Я сказал: кажется, преподавалась. Да, «кажется»; ее преподавал тот Алкита, или Вахлюхтер, который два года назад поступил было на преподавание философских наук. Но действительно ли слушали мы уроки гомилетики или канонического права и церковной археологии, этого память мне не сохранила; только о «патристике» я твердо убежден, что из нее уроки были задаваемы. Это означало, что если и преподавались «разные» побочные богословские науки, то ими никто не занимался, и молчаливым единогласием они признавались за детища, самовольно отлучившиеся от родителя. Значилось в программе; пускай значится, но курс шел по-старому, лишь несколько ослабленный. Богословие посократилось, ограничившись догматическим и нравственным с пастырским, тогда как не только гомилетика и герменевтика, но и каноника с литургикой должны бы войти в него, по старым понятиям. Из богословия выделялась только церковная история в тесном смысле; самостоятельность ее содержания признавалась.

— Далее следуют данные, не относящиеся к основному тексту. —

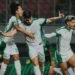 PSMS Medan Tempel Ketat Klub Nagita Slavina dalam Persaingan Klasemen Grup A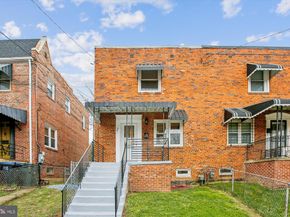 529 Foxhall Place SE, Washington DC 20032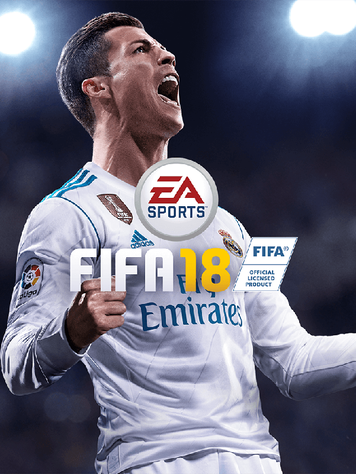 FIFA 18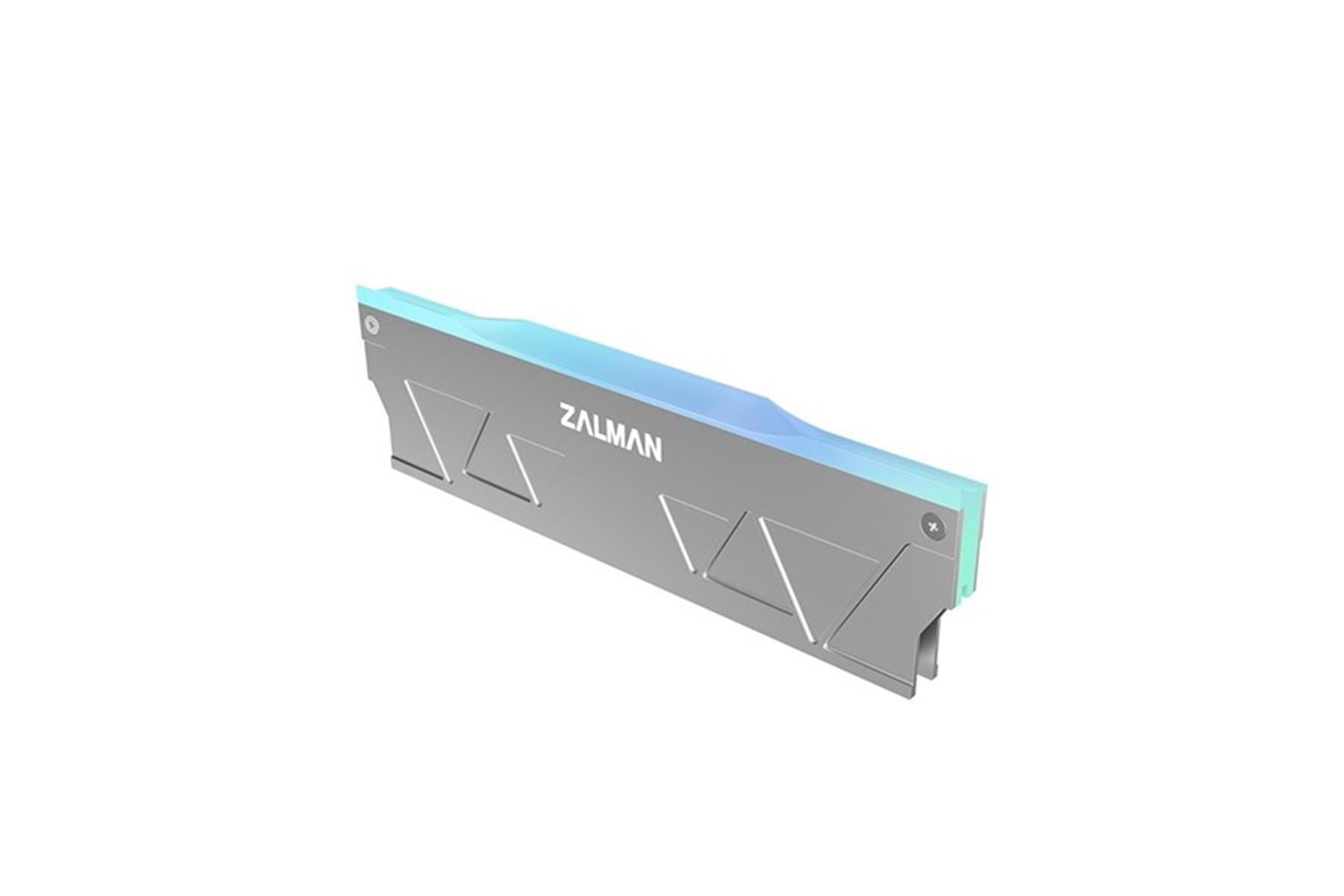 ZALMAN ZM-MH10 ARGB Ram Sogutucu Baslıgı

В мое время сверх богословия требовали внимания еще уроки по истолкованию Священного Писания, но причина была внешняя: преподавателем состоял инспектор Семинарии. С новою программой совершилось это перемещение инспектора. Дотоле инспекторы неизменно преподавали философию, подобно как префекты в Славяно-греко-латинской академии, которых они заместили. В те древние времена учащие вместе с учениками подвигались по той же лестнице. Начиная с Низшего класса преподаватель со своими учительскими обязанностями переходил в дальнейшие, пока достигал Философии, с чем соединялось звание префекта; из префектов поступали в ректоры и тем самым в преподаватели богословия. Сказывалось господство все того же воззрения, что наука есть подготовка к вере и философия — дверь в богословие. Тогдашнее преобразование не вникло в эту идею, перекроило науки и вместо внутреннего порядка усвоило внешний. Когда классы перестали быть стадиями развития, терялось основание инспектору руководить непосредственным преддверием в богословие. Отсюда перевод его в Богословский класс и кафедра Священного Писания, ближайшая к науке, преподаваемой ректором, и приличная инспектору как монаху.
Толкователь Священного Писания не пользовался, однако, нашим уважением как профессор, хотя его любили как инспектора. Он был не строг; можно было даже обезоруживать его начальническое неудовольствие средством, впрочем, оригинальным — рассмешив его. У нас находился даже специалист для этого. Как бы ни велика была шалость, но если в ней с другими участвовал Павел Воскресенский, все сойдет с рук. Воскресенский брал иногда на себя вину в проступке, которого даже не совершал. Но пойдет к инспектору, начнет резонировать, даже запанибрата усовещивать, как-де не стыдно на пустяки обращать внимание; притворным видом простодушия заставит хохотать инспектора, вызвав на разговор, и дело выигрывалось.
Но в науке Алексий был слаб. Ходило предание, что местом в списке магистров и первоначальным ходом учебной службы он обязан был, во-первых, своему монашеству, а во-вторых, тому обстоятельству, что он оказался как бы крестником великой княгини (Марии Николаевны). Ее высочество пожелала видеть обряд пострижения; тут как раз подоспело разрешение студенту Руфину Ржаницыну принять иночество; пострижение его с переименованием в Алексия и совершилось в присутствии великой княгини.
Сколь, однако, велики были его познания, о том может дать понятие следующий случай, заставивший ребят много смеяться. Зашла речь о том, что в Ветхом Завете открываются намеки на троичность Лиц в Божестве. На это указывает, сказал один из бойких учеников, между прочим, слово лицо, которое по-еврейски употребительно только во множественном числе: паним. «Да, да, — подтвердил, закусывая ус по своему обыкновению, профессор, истолкователь Священного Писания, он же инспектор, — ка-ним — лицо, каним».
Бедный не расслыхал и обнаружил незнание такого слова, которое встречается на второй же строке Библии.
Ректора Иосифа, напротив, и уважали, и любили, и боялись, хотя высокой учености тоже не предполагали в нем; да ее и не было у него; он не имел и магистерской степени. Про себя ребята даже шутили над ним, пересмеивали его, но в самом смехе сохраняли почтительное уважение. Смеялись над его святою простотой, над чистотой его понятий, которая казалась комическою среди окружающей грубости и растления, но в душе тем глубже пред ней преклонялись.